Dart & semver hygiene

Software developmentFlutter
  |  

Dart & semver hygiene

What is semver?

The term semver means “semantic versioning” and is used to describe software releases.
It is defined here.

The essence of this rule-set is to couple the kind of (API) change with the version of the software. If you make a breaking change then you have to increase the major version and for non-breaking changes you have to increase the minor version (simplified).
This rule-set is the recommended way to version dart packages and all the mechanisms to resolve versions of dependencies rely on that.

What is the problem?

In general, I think semver works quite well, but sometimes it happens that a breaking change slips through.
This can have dramatic consequences.
If a package releases a new version and only increases the minor version or the patch version while still containing breaking changes then builds of dependent projects will fail without the developer specifying a new version.
This is because it is considered best practice (even a requirement) for packages to not depend on an exact version but on a compatible version range. This is done by assuming that any newer version that doesn’t increase the major version is backwards compatible.
But even if you don’t have a direct dependency on that package you might have a transitive dependency (e.g. if a package you depend on depends on that package) and you get your build broken as a result.

Is there something I can do about it?

Yes.
At least soon™️.

We were facing such a transitive dependency build breakage and I wondered if there is an easy way to integrate a semver check into a CI pipeline and why package maintainers don’t check that automatically.
After some research I was not able to find a utility that could be used to do such a check, so I decided to create one myself.

Welcome dart_apitool

I named the tool “dart_apitool” (I know. Such an inventive name 😉).
It can create a model of the public API of a given package and diff two public API models while checking the version regarding semver.

The package reference can be

  • a model stored in a file (dart_apitool allows you to extract that)
  • a copy of the old package on disk
  • a pub-reference (dart_apitool will download the specified version of the package and extract the API model)
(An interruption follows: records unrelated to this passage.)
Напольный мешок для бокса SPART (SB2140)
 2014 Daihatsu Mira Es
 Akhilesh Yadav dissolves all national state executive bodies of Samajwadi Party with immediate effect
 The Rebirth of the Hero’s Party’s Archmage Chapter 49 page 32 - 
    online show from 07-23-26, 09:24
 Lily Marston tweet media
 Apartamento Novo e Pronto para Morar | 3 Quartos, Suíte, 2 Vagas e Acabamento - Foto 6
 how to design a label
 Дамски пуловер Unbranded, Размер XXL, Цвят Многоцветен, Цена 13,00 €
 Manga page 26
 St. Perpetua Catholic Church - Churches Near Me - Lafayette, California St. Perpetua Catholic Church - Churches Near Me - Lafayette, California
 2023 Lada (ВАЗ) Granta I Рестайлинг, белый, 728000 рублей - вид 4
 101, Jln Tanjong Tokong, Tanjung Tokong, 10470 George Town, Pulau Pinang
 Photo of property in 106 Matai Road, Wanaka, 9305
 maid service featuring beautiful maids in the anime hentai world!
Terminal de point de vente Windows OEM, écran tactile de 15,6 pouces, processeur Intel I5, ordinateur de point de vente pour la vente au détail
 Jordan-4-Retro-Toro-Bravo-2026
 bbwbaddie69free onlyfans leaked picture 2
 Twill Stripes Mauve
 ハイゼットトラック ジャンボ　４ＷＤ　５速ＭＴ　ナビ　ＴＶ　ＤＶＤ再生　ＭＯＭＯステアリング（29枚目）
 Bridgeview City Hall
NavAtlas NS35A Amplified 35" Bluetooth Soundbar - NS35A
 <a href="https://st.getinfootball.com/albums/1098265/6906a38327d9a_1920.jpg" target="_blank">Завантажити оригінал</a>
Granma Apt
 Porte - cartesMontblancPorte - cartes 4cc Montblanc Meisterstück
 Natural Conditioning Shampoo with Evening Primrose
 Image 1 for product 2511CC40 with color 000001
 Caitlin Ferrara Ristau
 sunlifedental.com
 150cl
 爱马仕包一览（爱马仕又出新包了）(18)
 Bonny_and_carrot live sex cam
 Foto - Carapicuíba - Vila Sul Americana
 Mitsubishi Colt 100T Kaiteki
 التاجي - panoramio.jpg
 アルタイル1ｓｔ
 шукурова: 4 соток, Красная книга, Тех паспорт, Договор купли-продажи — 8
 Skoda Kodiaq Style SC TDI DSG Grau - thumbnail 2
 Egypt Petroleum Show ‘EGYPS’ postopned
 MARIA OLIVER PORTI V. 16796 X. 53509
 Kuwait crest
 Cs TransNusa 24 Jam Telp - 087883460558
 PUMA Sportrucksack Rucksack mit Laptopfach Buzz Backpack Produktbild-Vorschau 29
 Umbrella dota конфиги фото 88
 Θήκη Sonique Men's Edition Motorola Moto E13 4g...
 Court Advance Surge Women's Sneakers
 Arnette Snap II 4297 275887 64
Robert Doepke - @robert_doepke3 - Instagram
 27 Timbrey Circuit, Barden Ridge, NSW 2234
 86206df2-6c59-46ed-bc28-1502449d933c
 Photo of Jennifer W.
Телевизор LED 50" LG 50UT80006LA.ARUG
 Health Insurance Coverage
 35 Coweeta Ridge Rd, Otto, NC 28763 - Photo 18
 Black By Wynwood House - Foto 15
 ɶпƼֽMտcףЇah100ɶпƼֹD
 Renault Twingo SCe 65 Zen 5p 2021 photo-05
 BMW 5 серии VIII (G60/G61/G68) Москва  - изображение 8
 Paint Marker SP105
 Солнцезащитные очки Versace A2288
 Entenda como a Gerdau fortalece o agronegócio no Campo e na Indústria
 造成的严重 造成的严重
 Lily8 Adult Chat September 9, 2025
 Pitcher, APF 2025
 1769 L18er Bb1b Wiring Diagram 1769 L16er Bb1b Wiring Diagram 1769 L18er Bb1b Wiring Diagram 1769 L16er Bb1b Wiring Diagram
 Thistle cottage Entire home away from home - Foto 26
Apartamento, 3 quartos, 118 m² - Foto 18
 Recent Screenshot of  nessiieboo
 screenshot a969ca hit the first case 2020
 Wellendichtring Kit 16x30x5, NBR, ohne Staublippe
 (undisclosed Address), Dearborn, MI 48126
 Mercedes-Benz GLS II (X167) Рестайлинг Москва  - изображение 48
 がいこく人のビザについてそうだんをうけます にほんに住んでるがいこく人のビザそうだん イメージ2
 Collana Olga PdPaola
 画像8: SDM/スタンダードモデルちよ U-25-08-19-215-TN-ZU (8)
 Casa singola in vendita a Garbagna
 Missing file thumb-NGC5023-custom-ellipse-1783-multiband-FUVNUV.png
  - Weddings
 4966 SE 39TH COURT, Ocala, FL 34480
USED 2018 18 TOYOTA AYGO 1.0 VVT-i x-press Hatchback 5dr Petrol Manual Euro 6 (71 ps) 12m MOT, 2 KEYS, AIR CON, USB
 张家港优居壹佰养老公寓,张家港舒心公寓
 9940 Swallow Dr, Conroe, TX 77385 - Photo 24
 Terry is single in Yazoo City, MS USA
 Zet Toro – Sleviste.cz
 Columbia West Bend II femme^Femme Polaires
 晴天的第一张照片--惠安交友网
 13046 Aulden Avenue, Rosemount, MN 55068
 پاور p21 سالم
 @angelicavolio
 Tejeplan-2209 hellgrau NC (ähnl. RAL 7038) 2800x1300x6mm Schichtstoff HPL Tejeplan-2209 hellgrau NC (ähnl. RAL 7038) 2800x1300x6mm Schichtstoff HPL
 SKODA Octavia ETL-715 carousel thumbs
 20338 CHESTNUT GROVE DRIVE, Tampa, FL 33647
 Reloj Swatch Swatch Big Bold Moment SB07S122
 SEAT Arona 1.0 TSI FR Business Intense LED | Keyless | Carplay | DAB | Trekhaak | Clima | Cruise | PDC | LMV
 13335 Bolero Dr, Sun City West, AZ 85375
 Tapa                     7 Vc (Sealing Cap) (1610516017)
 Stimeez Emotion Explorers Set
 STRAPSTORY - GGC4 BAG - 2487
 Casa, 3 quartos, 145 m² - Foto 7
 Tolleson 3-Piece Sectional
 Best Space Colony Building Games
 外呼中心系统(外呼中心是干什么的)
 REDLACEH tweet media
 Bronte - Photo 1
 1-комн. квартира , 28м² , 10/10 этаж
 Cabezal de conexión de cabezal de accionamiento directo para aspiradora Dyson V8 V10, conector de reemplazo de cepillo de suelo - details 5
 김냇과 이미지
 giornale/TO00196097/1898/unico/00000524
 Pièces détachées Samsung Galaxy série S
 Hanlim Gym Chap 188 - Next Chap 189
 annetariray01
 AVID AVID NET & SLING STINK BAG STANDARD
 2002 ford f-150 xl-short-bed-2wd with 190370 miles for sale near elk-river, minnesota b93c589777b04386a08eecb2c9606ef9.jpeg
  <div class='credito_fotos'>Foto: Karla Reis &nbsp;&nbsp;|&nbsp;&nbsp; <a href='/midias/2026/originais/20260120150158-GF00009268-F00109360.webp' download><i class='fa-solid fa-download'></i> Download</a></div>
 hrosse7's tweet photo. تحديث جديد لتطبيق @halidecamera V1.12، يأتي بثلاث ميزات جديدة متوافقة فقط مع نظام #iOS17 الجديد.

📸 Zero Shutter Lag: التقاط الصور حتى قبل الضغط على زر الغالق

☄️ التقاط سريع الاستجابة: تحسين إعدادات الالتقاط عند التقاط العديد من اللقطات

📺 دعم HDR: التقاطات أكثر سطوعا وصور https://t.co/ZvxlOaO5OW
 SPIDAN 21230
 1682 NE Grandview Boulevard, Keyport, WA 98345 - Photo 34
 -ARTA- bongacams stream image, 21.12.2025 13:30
So the only thing a package maintainer has to do is to tweak the release process so that a reference is stored (can be just the released version number) which allows the CI pipeline to use that stored reference to check if the next version is still semver compliant.

I tried to cover all the different parts that make up a public API, but I’m sure I missed something. So please feel free to try it out and report any issues you have with it.

This is how a dart_apitool output can look like if it detects a problematic version:
dart_apitool in action

Let’s improve semver hygiene of the dart package ecosystem!